Description of the task: Only one stretch of the data below should be repeated: the lines from the line containing "Personalized Groomsmen Flasks, Groomsman" through the line containing "Lamborghini Urus I, 2025", inclusive, exactly as they are.

---- Exercise material

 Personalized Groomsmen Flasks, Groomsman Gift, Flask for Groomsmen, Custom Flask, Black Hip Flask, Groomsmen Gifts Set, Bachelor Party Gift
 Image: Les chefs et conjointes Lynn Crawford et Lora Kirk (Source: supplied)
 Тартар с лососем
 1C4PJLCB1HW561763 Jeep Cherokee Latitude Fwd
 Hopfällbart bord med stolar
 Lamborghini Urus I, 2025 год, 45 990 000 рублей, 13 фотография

--------
---- Exercise material

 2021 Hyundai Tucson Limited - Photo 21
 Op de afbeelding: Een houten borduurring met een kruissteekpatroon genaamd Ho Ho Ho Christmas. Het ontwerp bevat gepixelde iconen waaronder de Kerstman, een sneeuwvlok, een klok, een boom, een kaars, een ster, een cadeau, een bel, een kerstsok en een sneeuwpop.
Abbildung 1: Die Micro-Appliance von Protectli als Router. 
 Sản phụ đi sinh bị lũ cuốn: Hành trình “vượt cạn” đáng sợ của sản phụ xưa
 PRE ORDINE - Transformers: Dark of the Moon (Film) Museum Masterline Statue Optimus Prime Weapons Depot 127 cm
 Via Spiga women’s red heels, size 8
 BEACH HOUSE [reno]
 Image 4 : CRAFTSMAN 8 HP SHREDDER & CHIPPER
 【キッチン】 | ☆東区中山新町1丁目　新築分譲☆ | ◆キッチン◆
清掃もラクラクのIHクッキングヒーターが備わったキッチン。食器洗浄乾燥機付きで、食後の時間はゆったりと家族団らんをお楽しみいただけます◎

--------

Response area:
 Personalized Groomsmen Flasks, Groomsman Gift, Flask for Groomsmen, Custom Flask, Black Hip Flask, Groomsmen Gifts Set, Bachelor Party Gift
 Image: Les chefs et conjointes Lynn Crawford et Lora Kirk (Source: supplied)
 Тартар с лососем
 1C4PJLCB1HW561763 Jeep Cherokee Latitude Fwd
 Hopfällbart bord med stolar
 Lamborghini Urus I, 2025 год, 45 990 000 рублей, 13 фотография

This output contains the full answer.